The area of a $\vartriangle ABC$ with given vertices $(a,a^2),(b,b^2),(c,c^2)$ is $\frac{1}{4}$ $sq. units$ and area of another $\vartriangle PQR$ with given vertices $(p,p^2),(q,q^2),(r,r^2)$ is $3$ $sq. units$.
Then what is the value of $$ \begin{vmatrix} (1+ap)^2 & (1+bp)^2 & (1+cp)^2 \\ (1+aq)^2 & (1+bq)^2 & (1+cq)^2 \\ (1+ar)^2 & (1+br)^2 & (1+cr)^2 \\ \end{vmatrix} $$
I could not even begin attempting it , i don't know where to begin from,someone kindly help.

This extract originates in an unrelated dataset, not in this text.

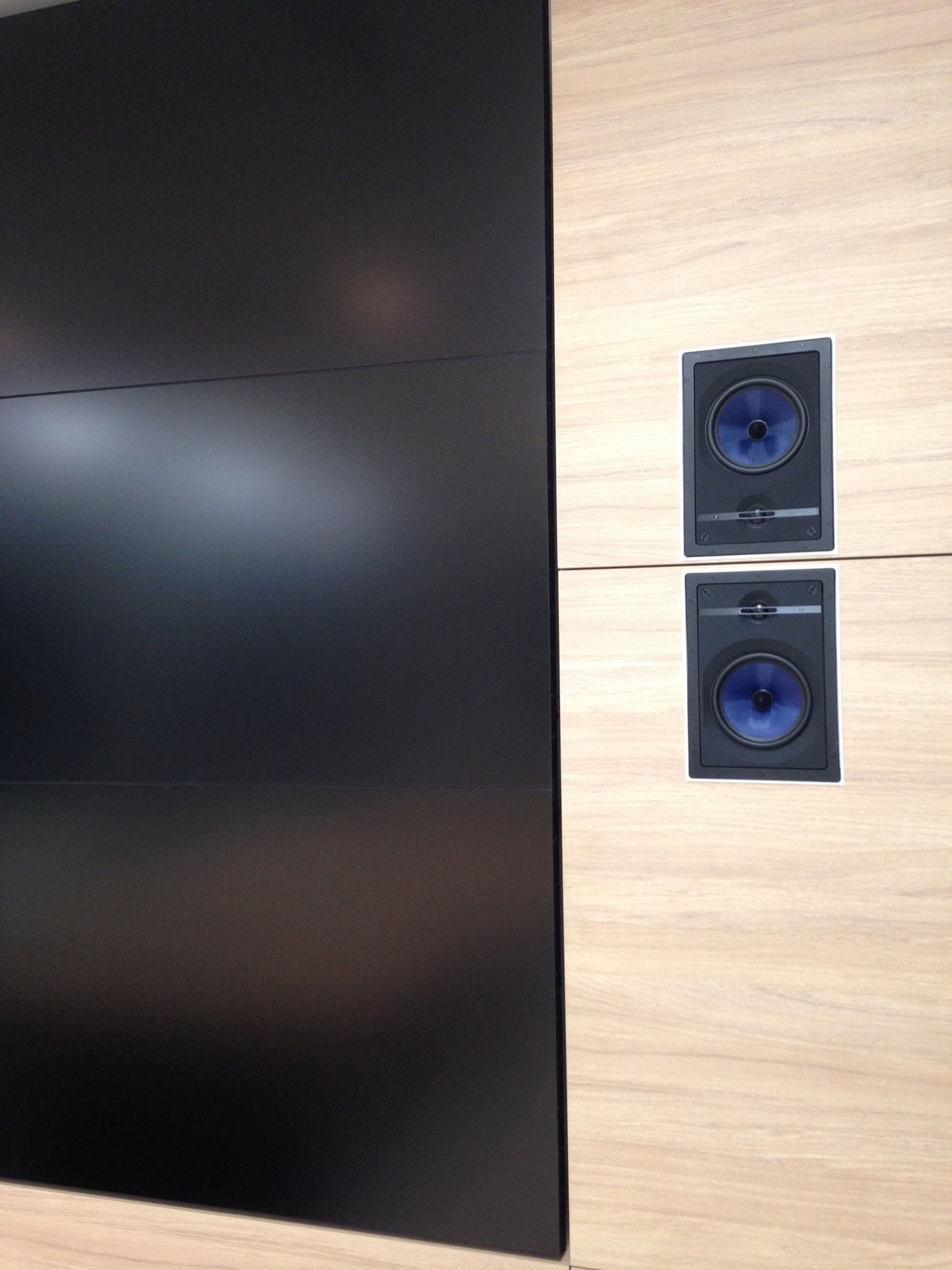 video-wall I nagłośnienie sali do wideo-konferencji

Let $A, B, C$, $P, Q, R$ be the $6$ column vectors
$$ \begin{cases} A^T = (1, \sqrt{2}a, a^2),\\ B^T = (1, \sqrt{2}b, b^2),\\ C^T = (1, \sqrt{2}c, c^2) \end{cases} \quad\text{ and }\quad \begin{cases} P^T = (1, \sqrt{2}p, p^2),\\ Q^T = (1, \sqrt{2}q, q^2),\\ R^T = (1, \sqrt{2}r, r^2) \end{cases} $$ Using identites of the form $$(1+ap)^2 = 1 + 2ap + a^2p^2 = 1\cdot 1 + \sqrt{2}a\cdot\sqrt{2}p + a^2\cdot p^2 = A\cdot P$$ We can rewrite the determinant at hand as
$$\Delta \stackrel{def}{=}\begin{vmatrix} (1+ap)^2 & (1+bp)^2 & (1+cp)^2 \\ (1+aq)^2 & (1+bq)^2 & (1+cq)^2 \\ (1+ar)^2 & (1+br)^2 & (1+cr)^2 \\ \end{vmatrix} = \begin{vmatrix} A\cdot P & B\cdot P & C\cdot P \\ A\cdot Q & B\cdot Q & C\cdot Q \\ A\cdot R & B \cdot R & C\cdot R \\ \end{vmatrix} $$ Notice the matrix for rightmost determinant is a product of two $3 \times 3$ matrices $$ \begin{bmatrix} A\cdot P & B\cdot P & C\cdot P \\ A\cdot Q & B\cdot Q & C\cdot Q \\ A\cdot R & B \cdot R & C\cdot R \\ \end{bmatrix} = \left[ P, Q, R\right]^T \left[A, B, C\right] $$ This leads to (up to a sign), $$\Delta = \begin{vmatrix} 1 & \sqrt{2}p & p^2 \\ 1 & \sqrt{2}q & q^2 \\ 1 & \sqrt{2}r & r^2 \\ \end{vmatrix} \begin{vmatrix} 1 & 1 & 1\\ \sqrt{2}a & \sqrt{2}b & \sqrt{2}c \\ a^2 & b^2 & c^2 \\ \end{vmatrix} = 2 \begin{vmatrix} 1 & p & p^2 \\ 1 & q & q^2 \\ 1 & r & r^2 \\ \end{vmatrix} \begin{vmatrix} 1 & a & a^2 \\ 1 & b & b^2 \\ 1 & c & c^2 \\ \end{vmatrix} = 2(2\times 3)(2\times\frac14) = 6 $$
The oriented area of a triangle with vertices
$$A(x_A,y_A), B(x_B,y_B), C(x_C,y_C)$$
is known to be given by the following formula: $$\tag{1}Area(ABC)=\tfrac12 \begin{vmatrix}x_A & x_B & x_C\\y_A & y_B & y_C\\1 & 1 & 1\end{vmatrix}$$
(this area is positive if the orientation of ABC is direct, negative otherwise).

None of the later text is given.